What is needed
From the first line to the last, set down the material exactly, leaving out its pictures.

Source data

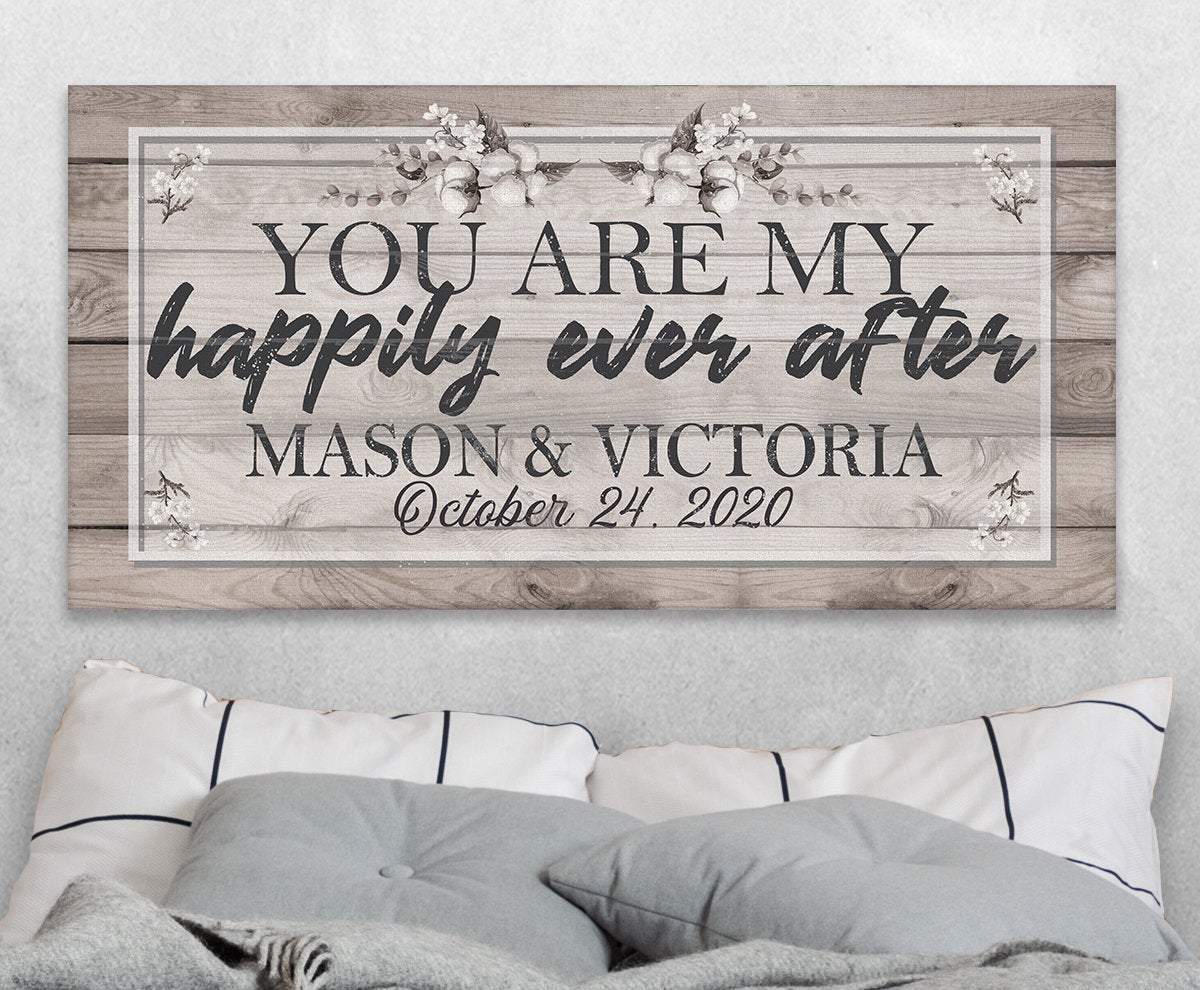 Personalized - Happily Ever After - Canvas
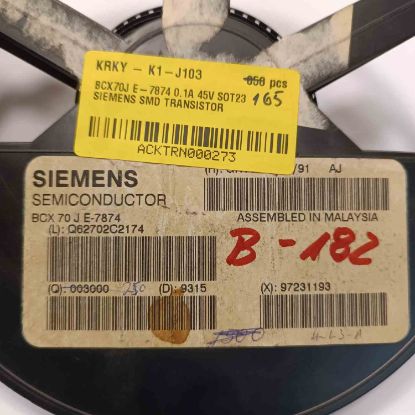 BCX70J E-7874 0.1A 45V SOT23 SIEMENS SMD TRANSİSTÖR resmi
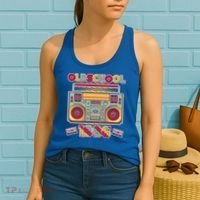 40th Birthday Oldschool Boombox 1986 Women's Tank Top thumb 2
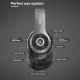 Wireless Foldable Bluetooth Headphones Headset (52 Hrs Playtime, 6EQ Modes, Build-in Mic) - Black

Result below
 Personalized - Happily Ever After - Canvas
 BCX70J E-7874 0.1A 45V SOT23 SIEMENS SMD TRANSİSTÖR resmi
 40th Birthday Oldschool Boombox 1986 Women's Tank Top thumb 2
 Wireless Foldable Bluetooth Headphones Headset (52 Hrs Playtime, 6EQ Modes, Build-in Mic) - Black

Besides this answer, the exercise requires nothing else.